On first appearances, it might seem as if researchers at the University of California, San Diego Center for Networked Systems are working at cross-purposes to one another.
Many CNS researchers are exploiting the rise of mobile and cloud computing to make data available anytime, anywhere and to anyone, at faster speeds and greater reliability. Meanwhile, their colleagues across the hall (and sometimes even across the desk) strive to make that data impossible for anyone to access at any time—or at least anyone who is not an authorized user.
That philosophical tension is part and parcel of what CNS researchers call "the beauty of the decentralized system," which has grown to dominate the way people create, share and store information. At its two-day, twice-yearly research review—held earlier this month on the UC San Diego campus—CNS demonstrated its role as a major player in the ongoing process of designing, managing and improving data center and wide-area networks. CNS graduate students were a significant presence at the review as well, both as presenters and as participants in a poster session and reception that showcased their work.
"UCSD is just an awesome place," enthused research scientist George Porter, who is also the associate director of CNS. He said that the principal investigators at CNS—many of whom are based at the Qualcomm Institute—"are known for making big contributions in designing scalable, fault-tolerable networks and understanding how networks work.

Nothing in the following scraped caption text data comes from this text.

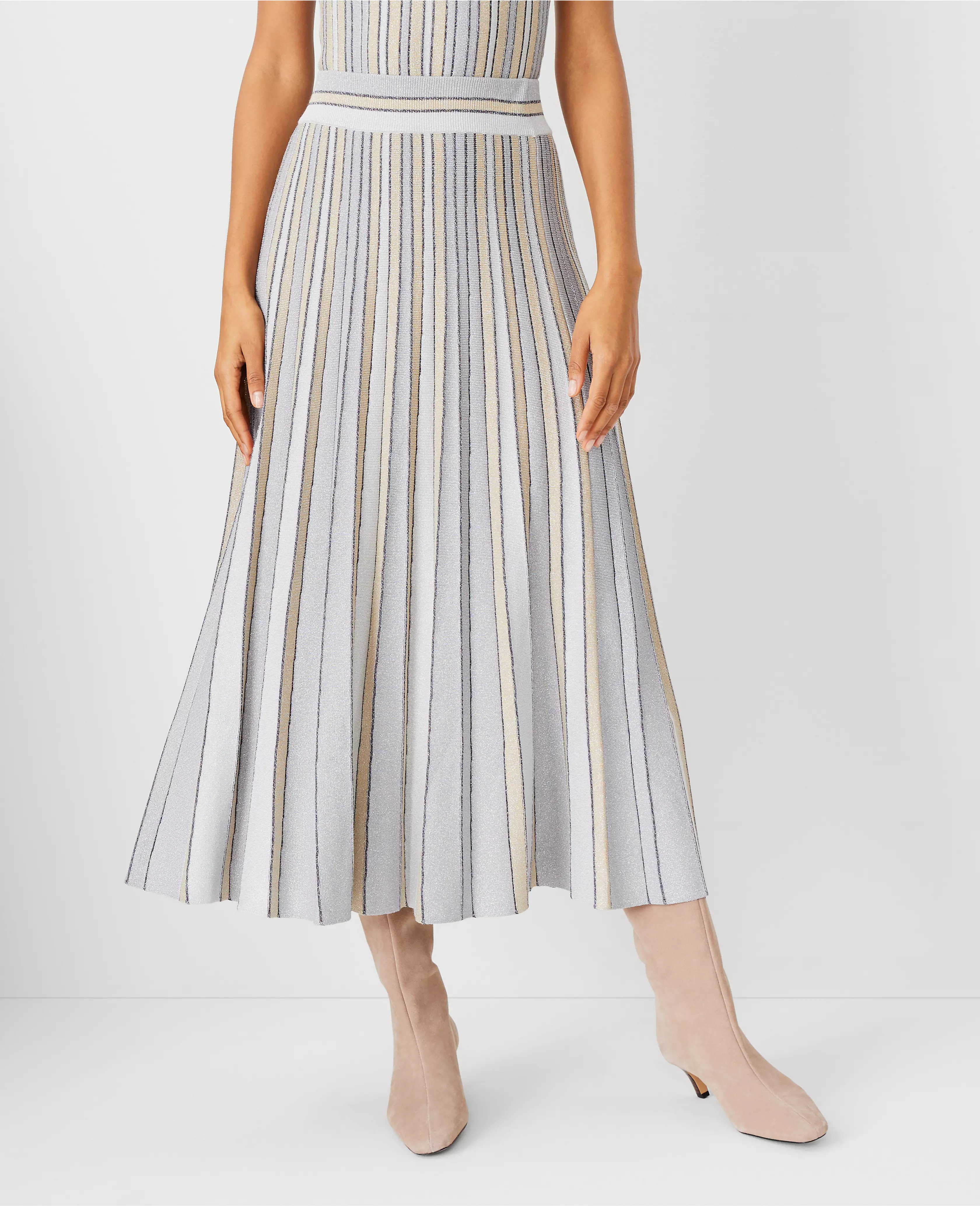 Shimmer Stripe Midi Skirt | Ann Taylor (US)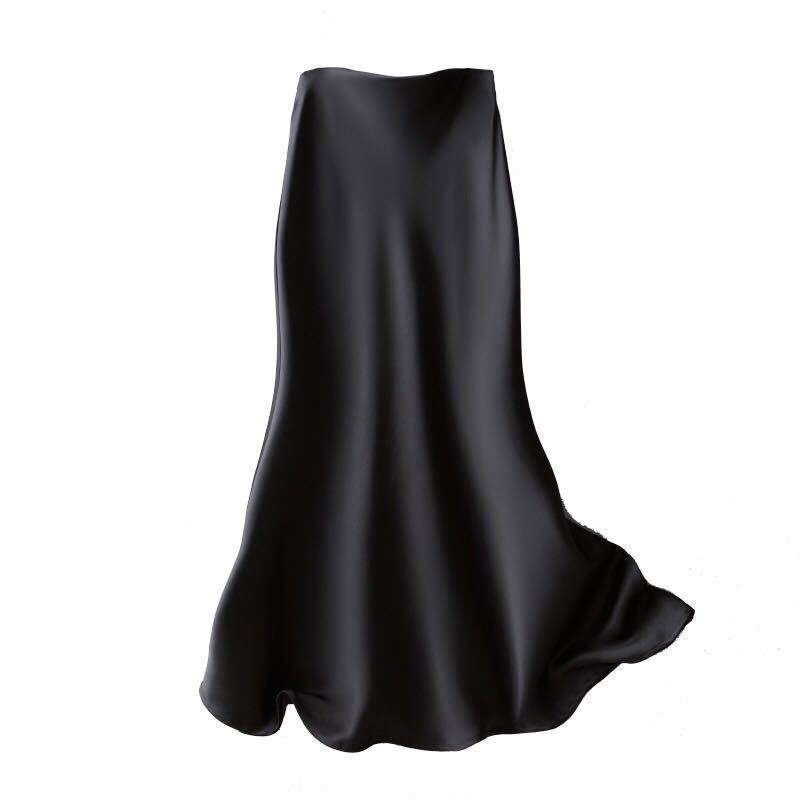 Printed Elastic Waist Slimming Large Hem Skirt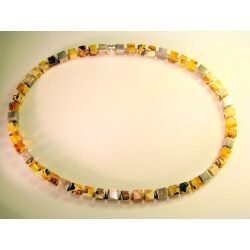 Marbleized Baltic amber and silver cube necklace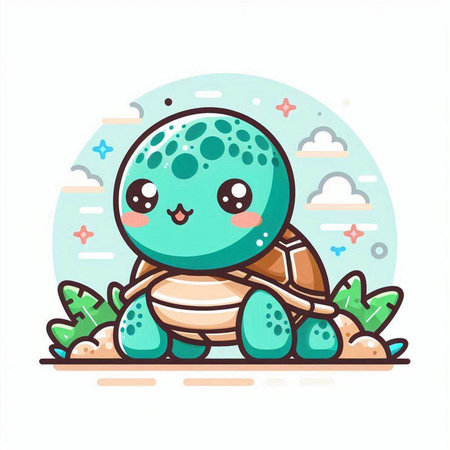 Cute cartoon turtle sitting on the stone. Vector illustration in a flat style.のイラスト素材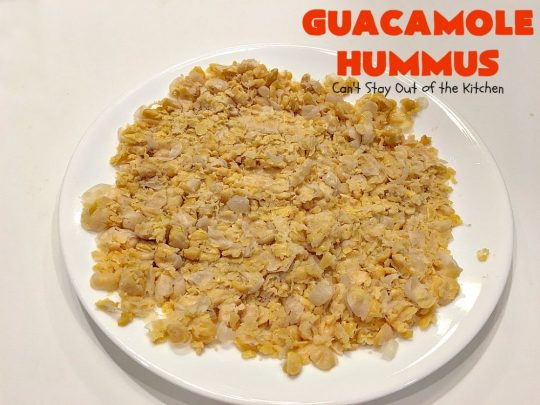 Guacamole Hummus | Can't Stay Out of the Kitchen | this fabulous #appetizer combines the best #guacamole with the best #hummus. It's terrific for #tailgating parties or any potluck. #avocados #chickpeas #vegan #glutenfree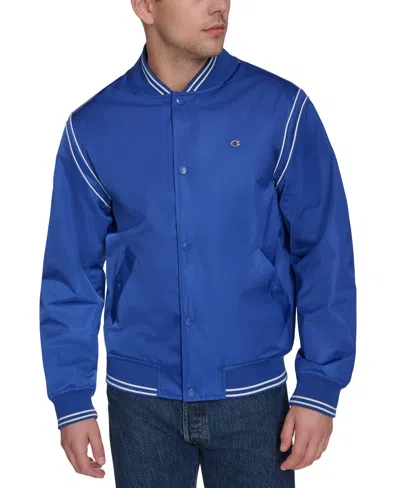 Champion Men's Varsity Stripe Bomber Jacket In Blue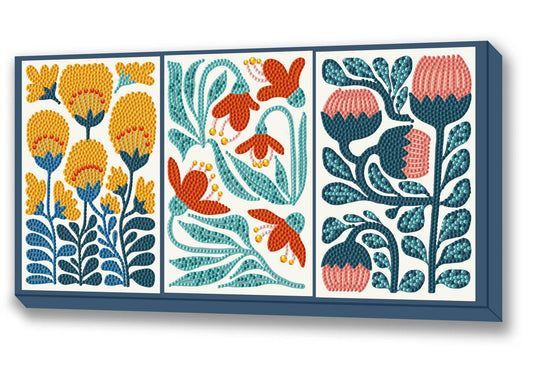 Modern Floral Triptych Diamond Art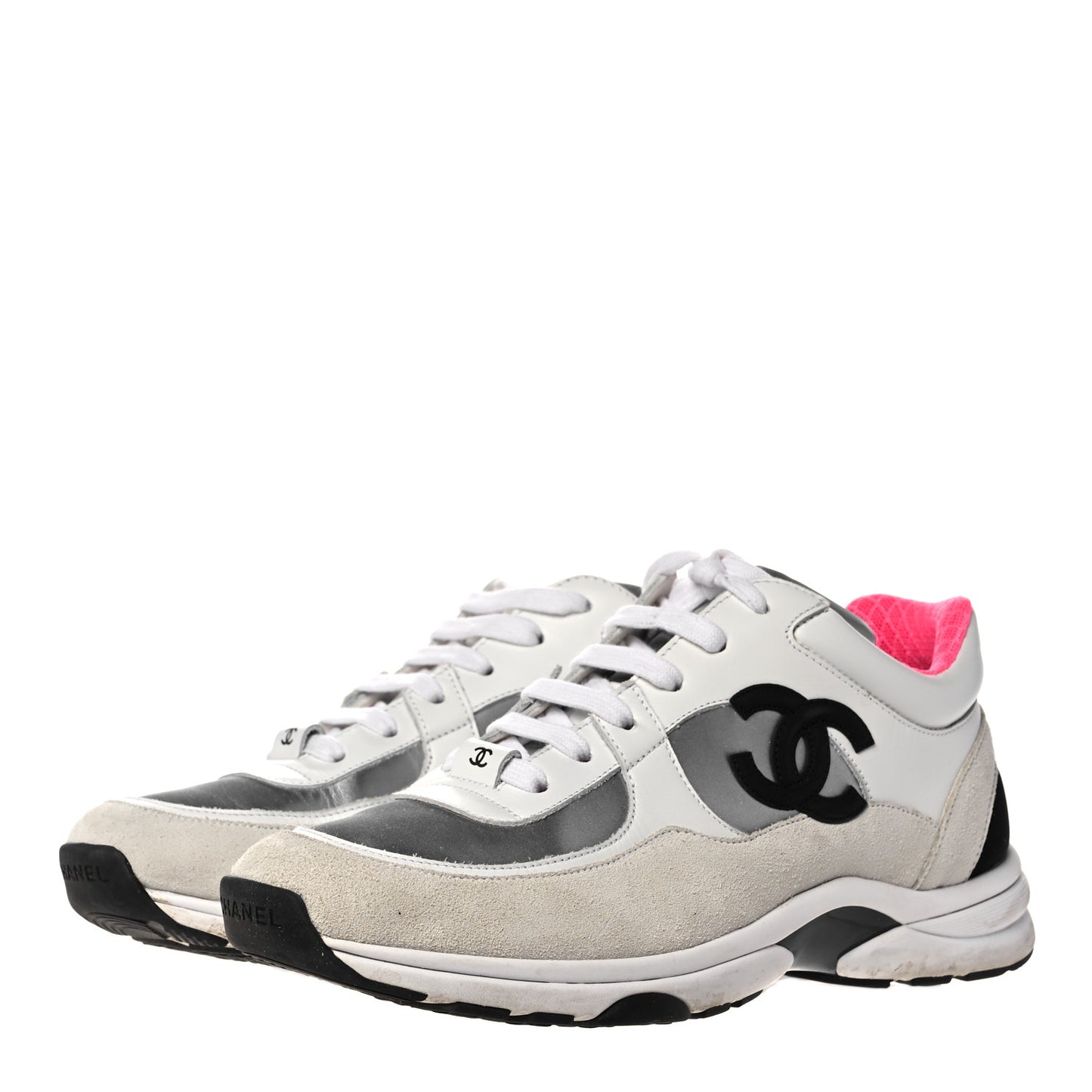 Calfskin Fabric Sneakers 40 White Silver Fluo Pink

They're known for developing and designing next generation storage technologies and they're also making advances in terms of security writ large, from understanding how spam works to understanding how to make the computerized systems in cars safer and more reliable."
If there's any occupational hazard to working in the field of networked systems, said Porter, it's that researchers sometimes get so entrenched in their own piece of the puzzle that they don't always stop to think about what the whole puzzle should look like.
"The research review is both a way for us to advertise and expand our influence and impact and also as researchers to connect with our member companies and others in industry to understand their problems," he said. "We don't always spend a lot of time talking about those big abstract topics when we're working from day-to-day."
One of those member companies is Google, which recently recruited CNS researcher and Computer Science and Engineering Professor Amin Vahdat to help re-architect one of its Wide-Access Networks (WAN), known as B4. The B4 network connects Google's many data centers, and a second Google WAN makes it possible for the public to conduct Internet searches, download YouTube videos, etc.
Vahdat presented a summary of Google's efforts to economize and improve B4 as one of the keynote talks at the research review, which was attended by several representatives from CNS' half dozen other industry partners (Cisco, Microsoft and Oracle among them).
One of the challenges Vahdat's team faced in redesigning the B4 network stems from the sheer amount of data being shared via the WAN at any given time. According toWired magazine, Google serves a full 25 percent of Internet traffic in North America. Because users want that traffic to flow as quickly as possible and do not want to be exposed to the effects of individual link failures, Google's WAN must consequently 'overprovision' data paths, or take more bandwidth than it really needs. Vahdat explained that for a speed of 10 Gb/sec data, for example, the path must be capable of handling 30 to 40 Gb/sec.
Despite the high demand on its networks, existing WANs cannot run at 100 percent capacity because doing so can cause packet failures (and subsequent data loss). When a path fails, noted Vahdat, "we don't know which path to provision" because the system is so decentralized.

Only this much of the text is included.